Sunday, January 20, 2013

In Chapter 5, Gatsby's dream seems to be fulfilled. What indications are there that reality cannot satisfy his dream?

In Chapter Five, Gatsby finally fulfills his dream of being reunited with Daisy, but it seems to be the beginning of the end for him. Fitzgerald uses the passage of time and the image of a broken clock to symbolize this end.


When Gatsby is with Nick and Daisy in Nick's living room, trying to be nonchalant, he accidentally nearly knocks over a clock which is sitting on the mantelpiece.


After Gatsby straightens the clock and sits down, he apologizes to Nick. Nick's response is, "It's an old clock," a response which he claims is idiotic, because the clock didn't sustain any damage. But then the text goes on to say, "I think we all believed for a moment that it had smashed in pieces on the floor." Since the near knocking-over of the clock occurs between Gatsby saying he and Daisy had met before, and saying it was five years ago, it releases tension between them. But the ominous statement that the three believed the clock had smashed is a little bit of symbolic foreshadowing. The clock is a symbol of time passing, and Daisy's next statement refers to the amount of time that has passed since she and Gatsby were last together. Gatsby has been waiting five years for this moment, but, like the clock, his hopes and dreams seem to lie smashed on the floor. It's as if the Daisy he has kept in his dreams and the Daisy he is sitting in front of now are completely different, so reality smashes his dream like the smashed clock of their collective imaginations.

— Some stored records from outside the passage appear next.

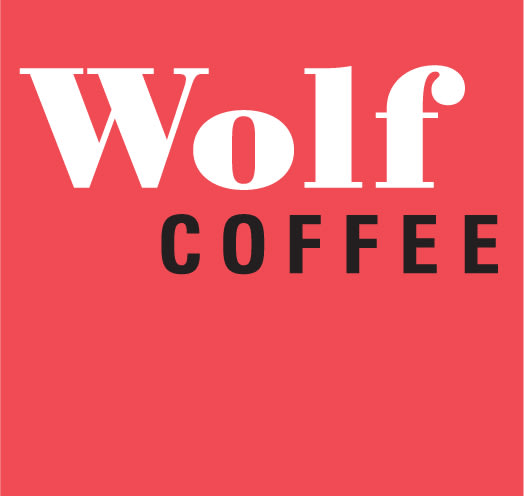 Sonoma's Original Roaster, Wolf Coffee, Makes a Come Back inception-app-prod/ZDFmOWMzYTktNzU4Zi00YTIzLTk3MjYtYThkN2JkMGVlYzA3/content/2019/06/Wolf Logo 10Jan2019.jpg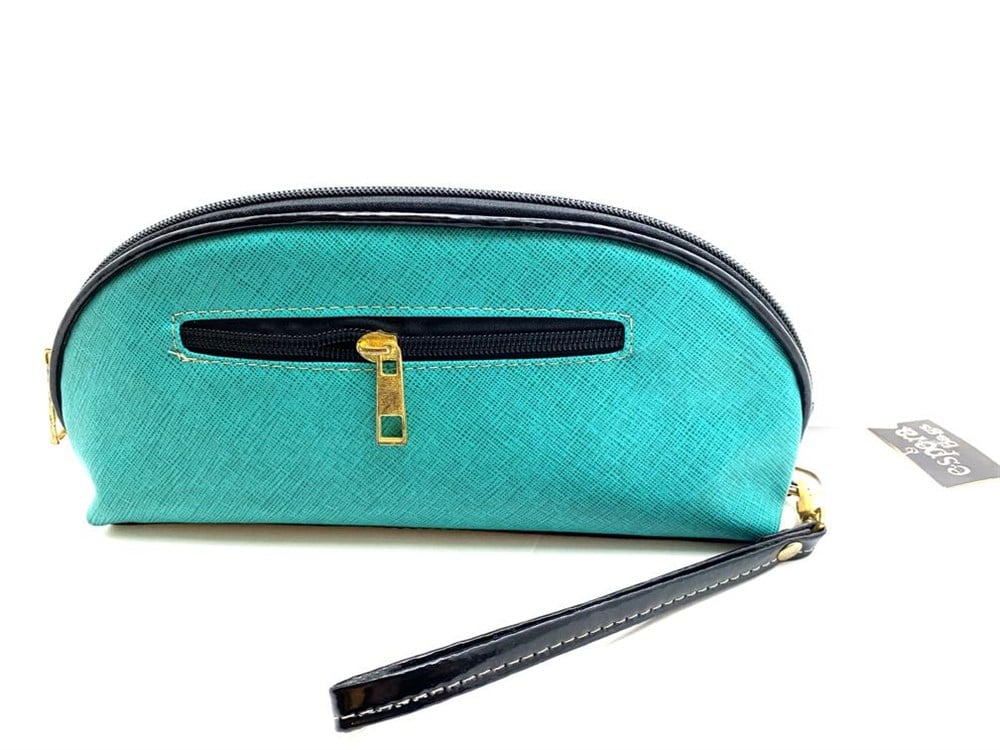 Espera Makyaj Çanta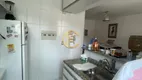 Foto 9 de Apartamento com 3 Quartos à venda, 74m² em Fernão Dias, Belo Horizonte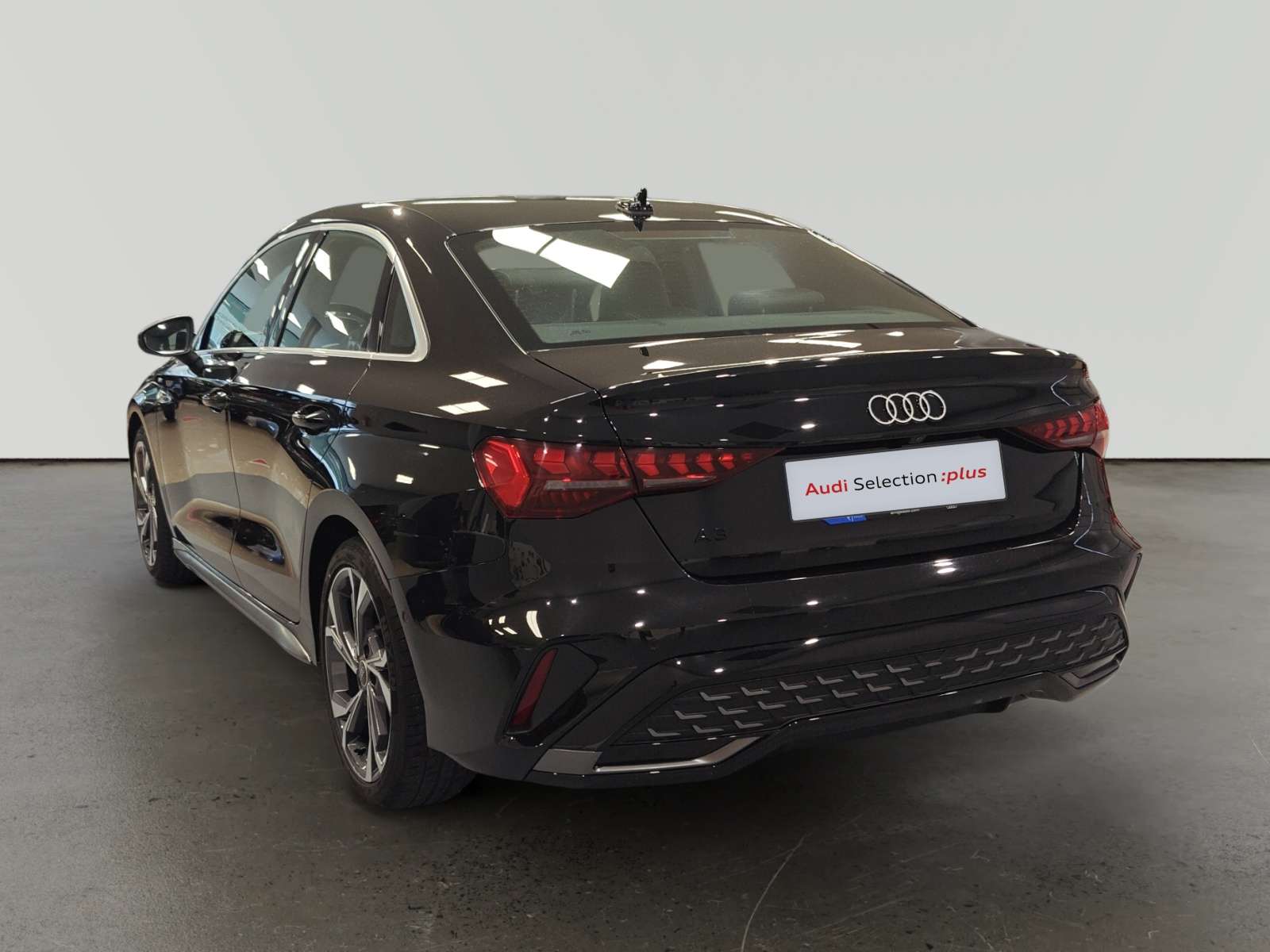 oem_vo_bonavalpremium_2432_202606081415452.jpg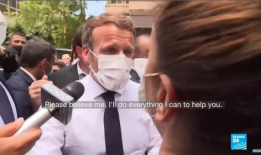 法国性视频,揭秘法国人的浪漫与私密生活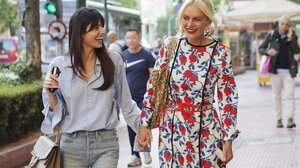 Έλενα Χριστοπούλου: Τι απαντά για την αγωγή – μαμούθ που κατέθεσε εναντίον της η Ηλιάνα Παπαγεωργίου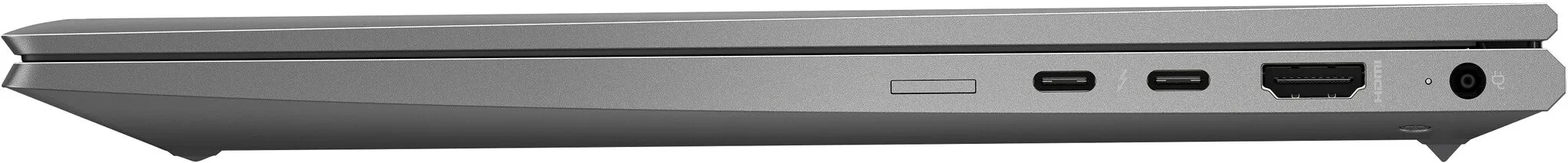 HP ZBook Firefly 14 G8 14" Mobile Thin Client - Intel Core i7-1165G7, 16GB RAM, 1TB SSD, Full HD, Windows 10 Pro, Grey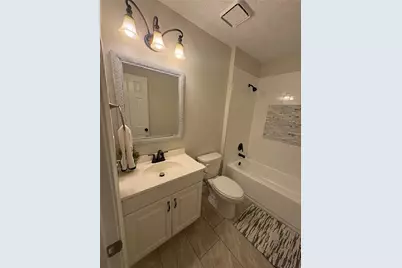41 Red Oak Circle, Dallas, GA 30157 - Photo 17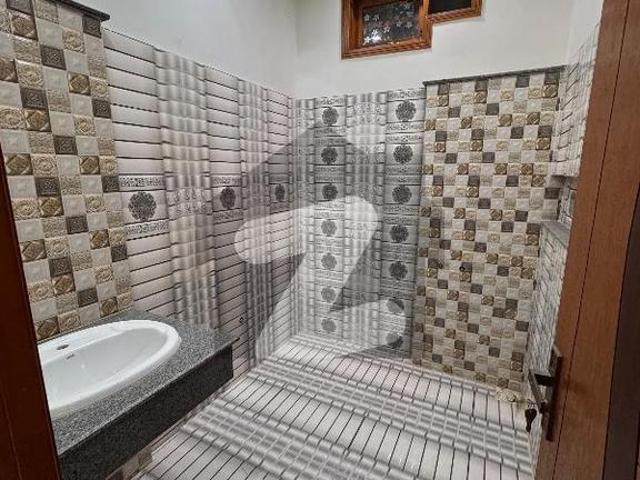 240 sq yard house for sale in gwalior society sector 17 a, ground plus one 3 bed dd on ground and 3 bed dd on first floor gwalior cooperative housing society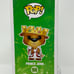 Prince John 98 Funko Pop 2014 Robinhood (VAULTED)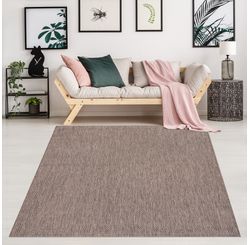 Tapete Sisal Salinas 2,00 X 2,50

A little bit further on, Gatsby panics, thinking he has made a mistake in asking Nick to bring Daisy over for a 'chance' meeting: "'This is a terrible mistake,' he said, shaking his head from side to side, 'a terrible, terrible mistake.'" Maybe Gatsby realizes for a few moments that he can't go back in time and re-live the moments he spent with Daisy five years previously. But Nick talks him into going back and talking to Daisy, telling Gatsby he's acting like a child.


The clock is mentioned again after Gatsby takes Nick and Daisy over to his house:



“It’s the funniest thing, old sport,” he said hilariously. “I can’t — When I try to ——”
He had passed visibly through two states and was entering upon a third. After his embarrassment and his unreasoning joy he was consumed with wonder at her presence. He had been full of the idea so long, dreamed it right through to the end, waited with his teeth set, so to speak, at an inconceivable pitch of intensity. Now, in the reaction, he was running down like an overwound clock.



Gatsby has dreamed of the moment he would be reunited with Daisy for so long that it has consumed him and been his reason for everything he does. Now that the moment is passing, Gatsby seems to be slowing down like a broken (unwound) clock. His life has been lived in the time leading up to his reunion with Daisy. Now that he has fulfilled his dream, his life seems to be over.